What is the difference between omega_2 (CSA) and Cb (AISC)? Both are moment gradient factors. omega_2 applies directly to the factored moment resistance M_r; Cb applies to the elastic buckling moment M_cr. For the same loading, the numerical values differ by typically 5-10%. The CISC Handbook provides omega_2 values for common restraint and loading conditions in Table 2-4.
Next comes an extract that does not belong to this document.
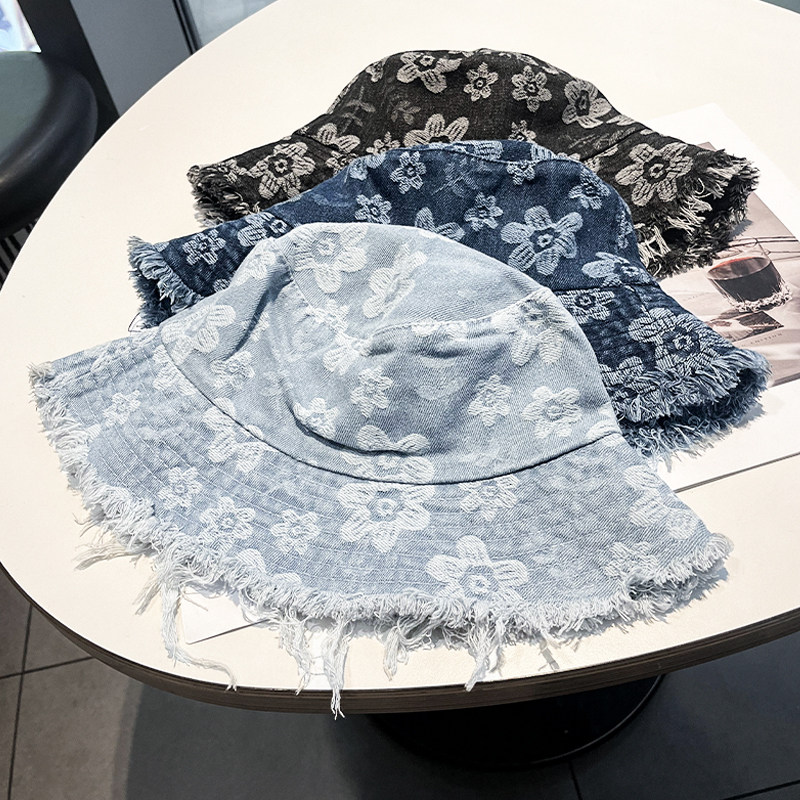 韩版ins花朵印花牛仔毛边渔夫帽子女春夏遮阳防晒百搭显脸小盆帽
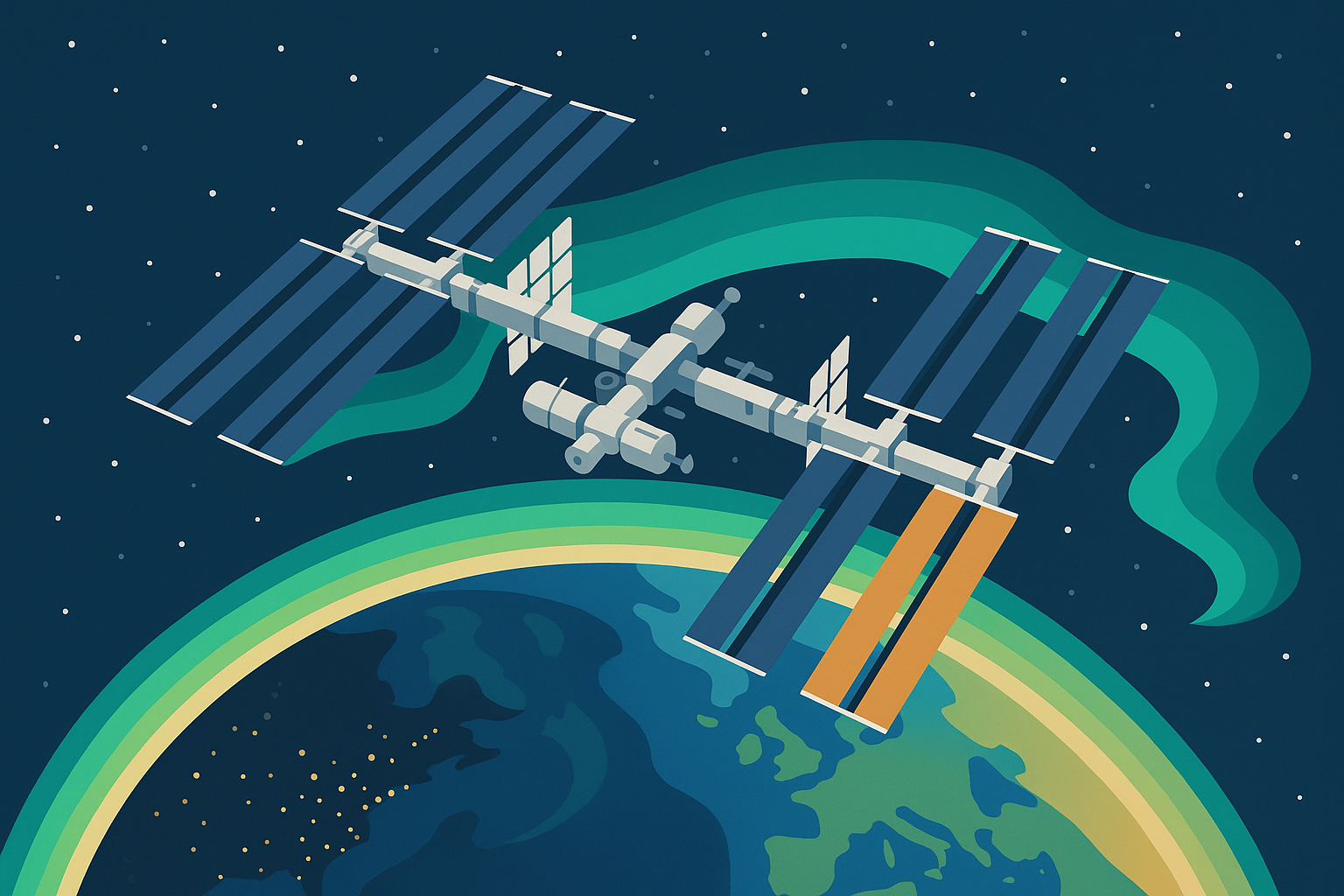 Space station orbiting Earth live wallpaper with aurora effects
How do I select a trial beam section for a given span? For floor beams: start with depth = span/24 to span/20 (8 m span = 333 to 400 mm depth). For roof beams: span/30 to span/24. The CISC Handbook provides preliminary beam selection tables by span and loading. A W310 (nominally 310 mm deep) at 8 m span is span/25.8 — appropriate for a moderately loaded floor beam.

Is composite action always beneficial for beam design? Composite action increases moment resistance by 50-100% compared to bare steel for typical floor beams. However, it adds fabrication cost (shear studs, deck attachment) and increases floor depth. For spans under 6 m, bare steel is often more economical. For spans over 8 m, composite action is standard practice in Canadian building construction.

This page is for educational reference. Beam design per CSA S16:24 Clause 13. Verify section properties against the current CISC Handbook of Steel Construction. All structural designs must be independently verified by a licensed Professional Engineer. Results are PRELIMINARY — NOT FOR CONSTRUCTION.